To describe the friction phenomenon in forming, it is important to use a model that reasonably describes the reality, especially when the analysis surface is large. For this case, the friction force makes a relevant contribution to the total force required in the operation. Despite the great development in models that describe the behavior of materials, conventional computational numerical simulations generally do not provide correct results regarding friction. This is due to the use of very simplified friction models.

Two models are generally used to describe friction at the interface between tool and work material depending on the process being considered. The first is the Amontons-Coulomb model shown in Eq. (1), where there is a linear relationship between normal pressure and shear stress.

τ=μpE1

where μ is the coefficient of friction (COF), p is the normal pressure and τ is the frictional shear stress.

Eq. (1) is valid only for relatively small shear stresses, because when τ exceeds the shear strength, k, of the workpiece material, the second model must be used. This second model was proposed by Orowan [7] and is shown in Eq. (2).

τ=mkE2

where m is the shear factor, where its value ranges from 0 to 1 and k is the maximum shear strength of the work material.

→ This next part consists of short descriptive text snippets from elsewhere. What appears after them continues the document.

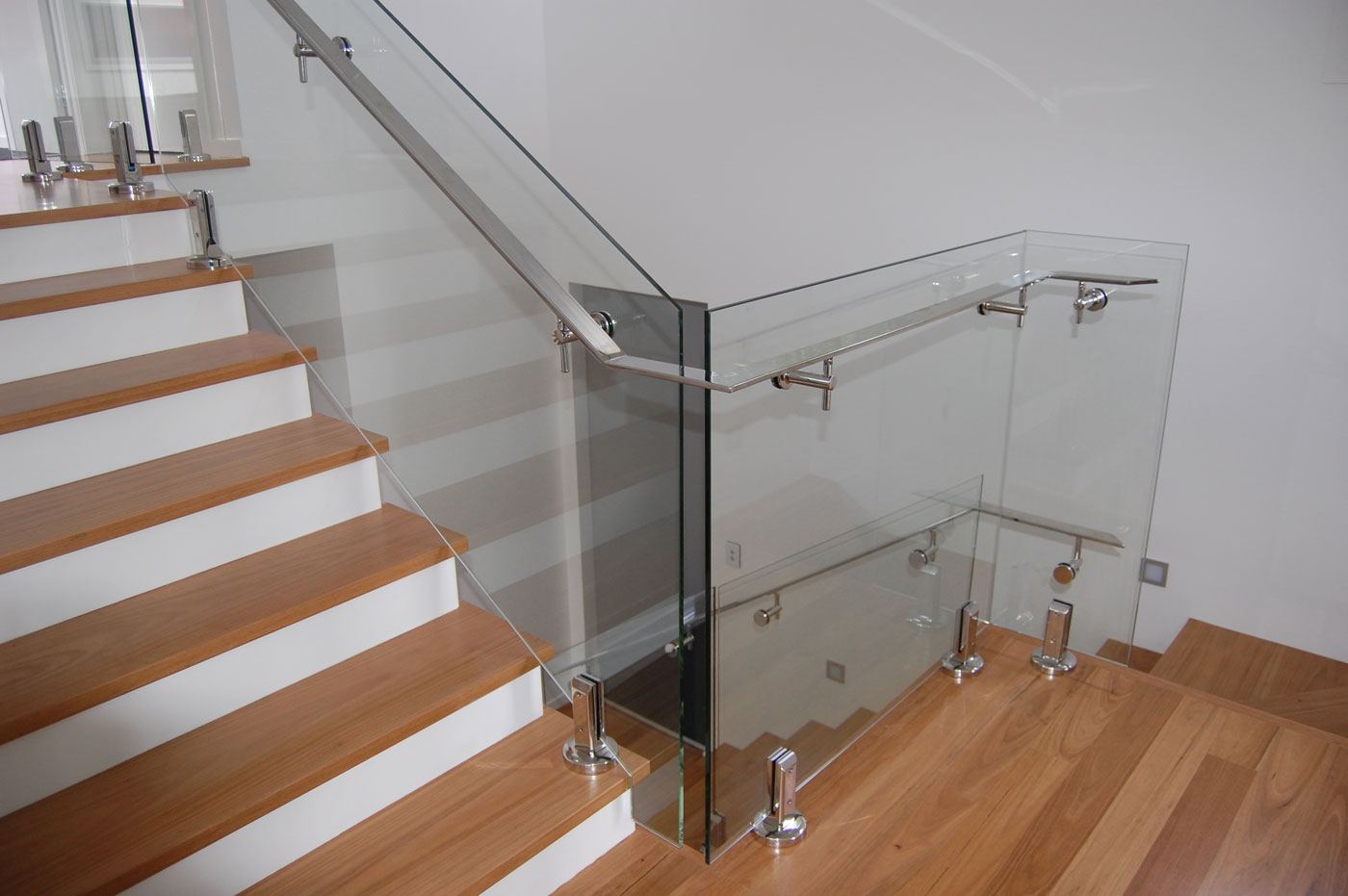 12mm Clear Toughened Glass - Flat Polished Edgework / Framless Internal Balustrades with Spigotts and Handrail - DnD Glass & Glazing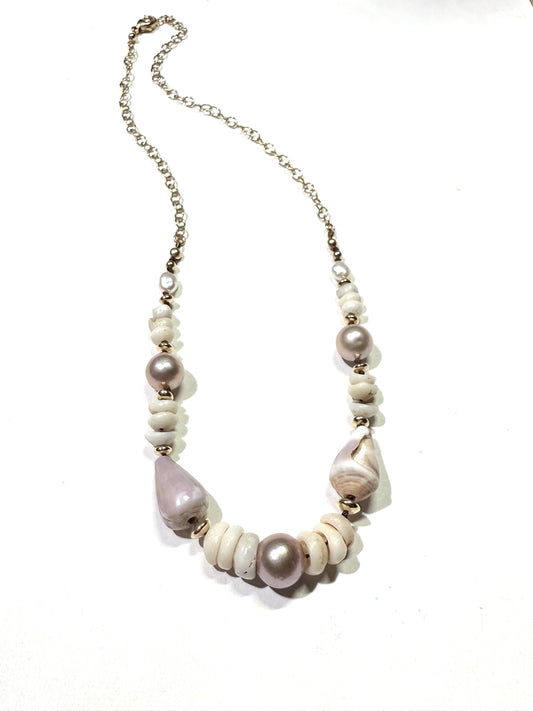 Pink Edison pearls, cone shells, and puka shells necklace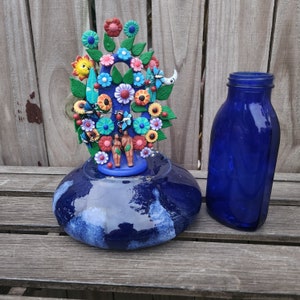 May include: A blue ceramic bottle stopper with a colorful ceramic tree of life design. The tree features flowers, butterflies, a sun, a moon, and two figures. The bottle stopper is sitting on a wooden surface.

Figure 5 represents the combination of the Amontons-Coulomb model and the limit shear stress model proposed by Orowan [7]. Shear stress is shown as a function of normal pressure. The first part of the figure is considered to be the Coulomb part. The relationship between the frictional force and the normal force, defined as the friction coefficient μ, is constant in this part of the curve.

Figure 5.

Relationship between contact pressure and frictional shear stress. Source: Based on Rodrigues and Martins [8] and Altan and Tekkaya [9].

When the normal pressure increases, the lubricant pockets start to leak and promote a decrease in friction visualized by the decrease in the slope of the curve, until reaching a constant value that is given by the maximum shear stress of the material. At this point, the friction coefficient no longer makes sense, and the concept of friction factor appears. This phenomenon is represented by the horizontal part of the curve (Figure 5).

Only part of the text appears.